Жизнь«Сейчас будут бить»:
6 историй о расизме и ксенофобии у детей

Что чувствуют подростки, которые не похожи на других

«Сейчас будут бить»:
6 историй о расизме и ксенофобии у детей — Жизнь на Wonderzine

Интервью: Ива Цой

Нам часто кажется, что расизм — это экзотическая иностранная проблема, ведь это у них «чёрных линчуют». Мы поговорили с шестью девушками, которые живут в России с нетитульными цветом кожи и национальностью, и выяснили, что они переживали издевательства с самого детства — а для многих ничего так и не закончилось. 

 

Анжелла

31 год

Я училась в очень простой общеобразовательной школе в Москве. Одно из первых воспоминаний — в актовых залах, если ты резко вставала, стул откидывался. В этот момент мальчики любили цеплять чью-то юбку сзади, чтобы она сползала. Один раз так сделали со мной и тут же закричали «черножопая». Я пришла домой и спросила у родителей, что значит это слово. Они сказали, что это оскорбление, что есть афроамериканцы и у них чёрная кожа. Я бы сейчас не так объясняла это детям, но тогда был 1993 год.
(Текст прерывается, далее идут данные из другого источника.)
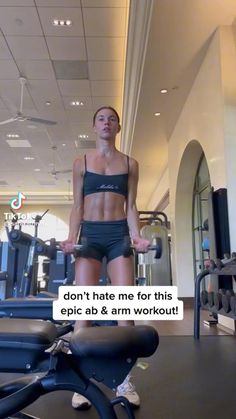 Arm Workout Equipment, Workouts That Took Me From This To This, Short Workout Routine, Arm And Ab Workout At Home, Gym Workouts For Abs Flat Stomach Machines, Arm Routine For Women Gym, Ab Motivation Women, Treadmill Arm Workout, Lean Gym Workout Plan Woman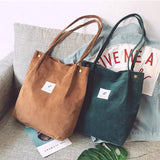 Corduroy Shoulder Bag Reusable Shopping Casual Tote Female Handbag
Во втором классе один мальчик ударил меня несколько раз крышкой от парты по голове. Учительница это увидела и сказала: «Успокойся, сядь», — и всё. Если бы она сразу отправила меня домой, узнали бы родители, а руководству было бы не очень хорошо. Поэтому учителям в школе надо было оставить всё как есть. Дома я ничего не сказала. Может, было сотрясение мозга, может, нет.

Я терпела — мне казалось, так надо, а я правда какая-то не такая. Старалась не выделяться. Мама покупала мне много разной прикольной одежды, но она так и оставалась ни разу не одёванной. Я носила одну или две вещи, иногда даже специально их занашивала втайне от родителей. 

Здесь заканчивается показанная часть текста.